De Ampurias a Gaza, de Marsella a Alejandría, de Tobruk a Génova, de Algeciras a Estambul (¿cómo no recordar en esta ocasión la, para muchos y para mí, mejor canción de Joan Manuel Serrat?)... infinidad de puntos de referencia, de lugares sonoros en la memoria colectiva del mundo, emergen en la mente cuando se trata de enlazar, en una trama de posibilidades trasiegos infinitos, los archiconocidos límites del mundo mediterráneo. Soy de la tierra adentro, pero pocos recuerdos tan gratos como los que me trae la evocación de ese mar de perfiles sinuosos y nítidos a la par, que tantos matices aporta a quien lo divisa desde cualquiera de sus orillas para, enriquecido con la variedad de horizontes, llegar a la conclusión de que todos forman parte de un mismo espacio: del inmenso y a la vez recoleto escenario donde la Historia no ha cesado de transformarse a medida que lo hacían la cultura, la economía y sus sociedades. El Mare Nostrum nunca ha perdido actualidad, siempre se ha mostrado como un ámbito alerta y vigilante porque cuanto sucedía en sus orillas ha marcado con letras imperecedoras algunas de las páginas más sorprendentes de la trayectoria de las civilizaciones. Somos deudores del Mediterráneo, de cuanto nos ha ofrecido y de cuanto nos ha hecho vivir, en medio de un panorama repleto de conflictos, de tensiones, de confrontación, pero también de sensibilidades de las que jamás podremos desprendernos.
Sin embargo, pese a la historia compartida y a las experiencias que unen al amparo de las movilidades trabadas - precisamente porque la sensación de pertenencia a un espacio común induce a ello - el Mediterráneo constituye también la expresión de una fractura que no ha cesado de agravarse a través del tiempo hasta hacerse, hoy, insondable. Las dos orillas se miran entre sí pero no lo hacen con la misma sensación de interdependencia y voluntad de comprensión y encuentro. El Norte ha contemplado el Sur con otra perspectiva, tradicionalmente protagonizada por Francia que ha asumido altivamente la dirección del modelo de relaciones que unen a la Europa desarrollada con el Norte de África. Todos los demás países han ido a la zaga del compás marcado por el país de la “grandeur”, el país en cuya plaza más emblemática - la de La Concorde, de París - , se yergue el otro obelisco de Luxor y que impone las reglas de control y supervisión hacia los territorios del Magreb, que considera bajo su protección, a modo de gran patio trasero. De nada sirvió la Conferencia de Barcelona (1995) (y la Asociación Euromediterránea derivada de ella), que en la capital catalana trató de sentar las bases de un nuevo modelo de relaciones y de convivencia basados en algo más que en el tratamiento neocolonial de las cuestiones que justifican la pervivencia de tales vínculos y el sentido que se les otorga. Llegó después la propuesta de la Unión Euromediterránea, propugnada por Francia en defensa de sus intereses, y el puente tan costosamente levantado se vino abajo.

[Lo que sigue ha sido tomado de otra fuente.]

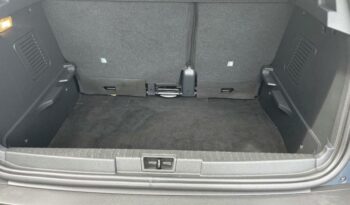 Photo Captur occasion 0.9 tce 90ch energy life euro6c ile Reunion.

Nunca ha sido el Mediterráneo un espacio definitivamente tranquilizado. La tragedia atroz de Gaza, la inestabilidad del Líbano, la fractura de Chipre, el desmoronamiento de Yugoslavia, la anomalía de Gibraltar... un sinfín de puntos de fricción, de convulsiones sin cuento, que se han sucedido en el tiempo y que aún perviven como demostración fidedigna de las dificultades que impiden fraguar un ámbito de equilibrios, de respetos y de coexistencia normalizado en la diversidad. De nuevo el Mediterráneo demuestra lo mucho que queda por hacer a favor de esta causa justificada. Empezó en Túnez, siguió en Egipto, amenaza Argelia y Marruecos... mientras en Libia ofrece su imagen más dramática y desesperanzada. Para sorpresa de casi todos, las sociedades árabes han demostrado que también ansían ser libres.
Muchos en Bruselas se rasgan las vestiduras por lo que está sucediendo, sin explicarse porqué sucede, mientras los balbuceos incoherentes de Ashton, las simplezas del inefable Barroso o los silencios clamorosos de Von Rompuy revelan su condición de paradigmas de la incompetencia o la necedad en política exterior. Atónitos ante el espectáculo, sólo se oye la voz de la Casa Blanca llamar a las cosas por su nombre. Parece mentira, paisanos de la Europa reconfortada, que, con lo que ha llovido y con la que está cayendo, sigáis sin tener ni puta idea de lo que es el Mediterráneo.